Locking Stance: LOCKING    Mortgage Bonds:  +9bp

Mortgage backed securities managed to edge higher, much on the heels of the short-term Treasury Auction results, which strengthened compared to last week’s auctions despite their growing sizes.  That plays out well for MBS prices and today’s auctions may carry the same results this afternoon.  Additionally, Giethner had some comforting words to say.

Today’s data was focused on housing.  Existing Home Sales was reported at 5.02M, slightly surpassing estimates of 5.00M, but down from last month’s 5.05M, keeping traders skeptical about a housing recovery.  The FHFA House Price Index (home prices for federal agency sponsored mortgages) declined in January, reportedly at –0.6% month/month and –3.3% year/year.  Two other minor reports were released this morning with the Redbook reported at 3.6%, up from 3.2%, and ICSC-Goldman Sachs Store Sales at 0.1%, up from –0.4% last week and at 3.7%, up from 3.2% year/year.  Overall, generally favorable data where it counts most for MBS prices.  This afternoon’s main focus will be the results of the 2-year T-Note auction released at 1:00.

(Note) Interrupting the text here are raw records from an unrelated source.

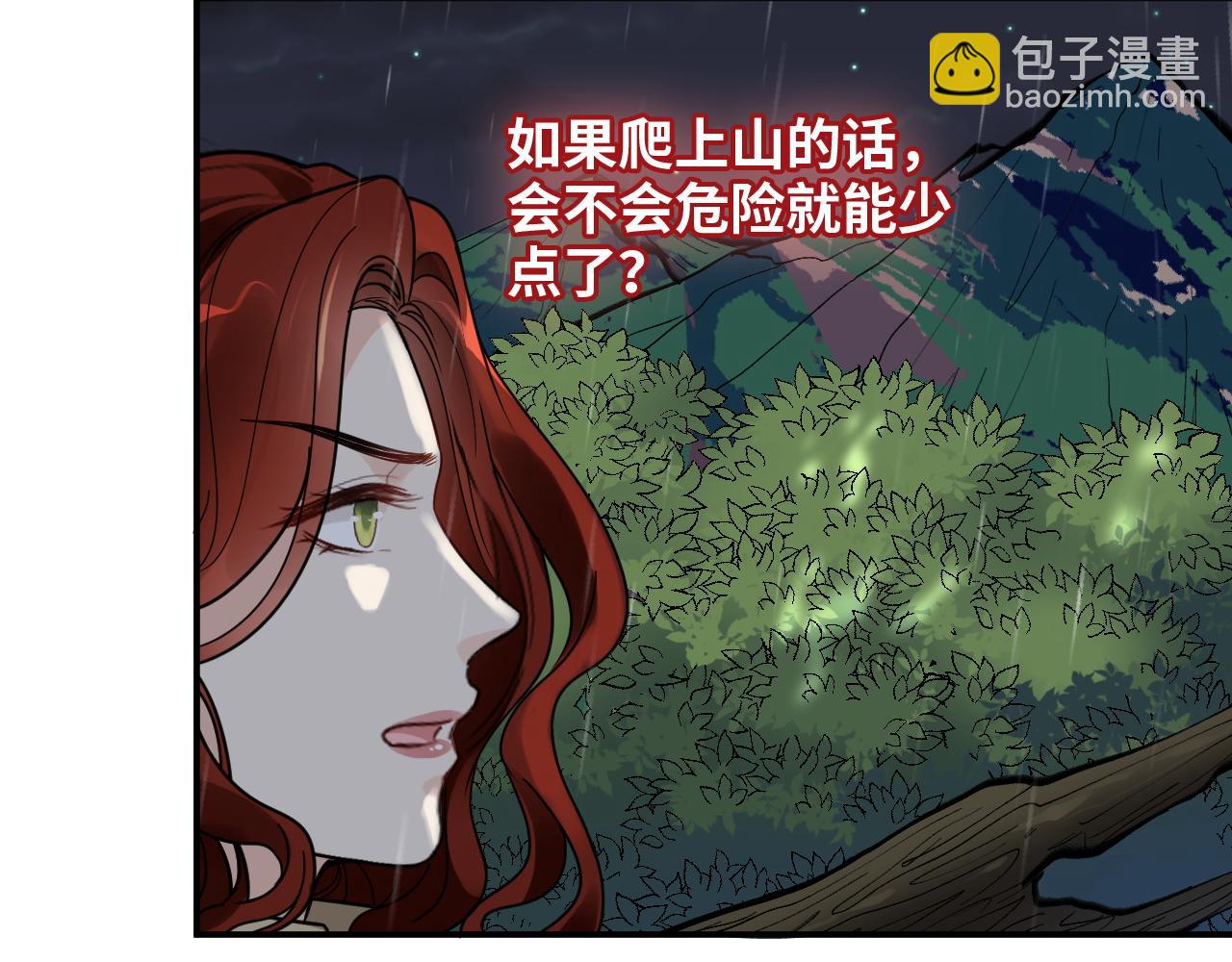 🍱闪婚总裁契约妻 第473话  前有蛇，后有鳄 第41页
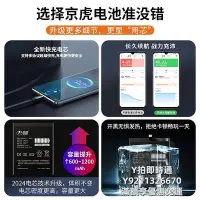 在飛比找Yahoo!奇摩拍賣優惠-手機電池京虎適用oppor17電池大容量r11 r15夢境版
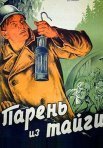 Постер сериала «Парень из тайги»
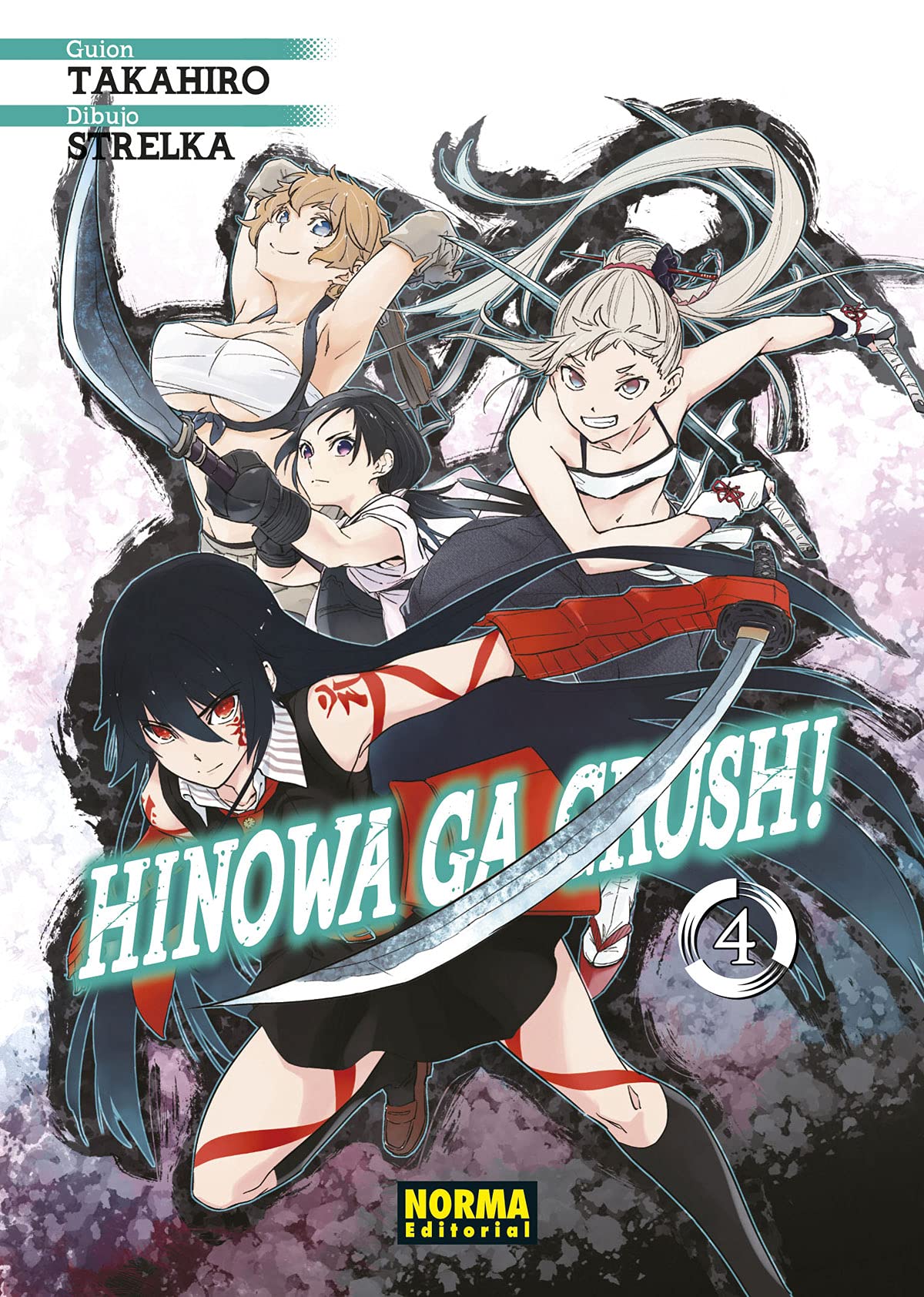 HINOWA GA CRUSH! 04 Manga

So why not change the locking stance?  Uncertainty still controls the markets.  Additionally, we are up against the top of the last peak and MBS prices have failed to break out, meaning that sideways pattern is likely forming.  Stochastic indications still indicate MBS prices should be slowly dropping.  Generally speaking, it does not appear that anything more than a sideways pattern will form, at least for the moment, and we are at the top end of that pattern.

What does this mean for mortgage rates?  Once again, uncertainty abounds and we appear to be at the top end of a sideways trading pattern.  Things may change, even quickly, especially early afternoon, but the future still does not look favorable for significantly lower mortgage rates.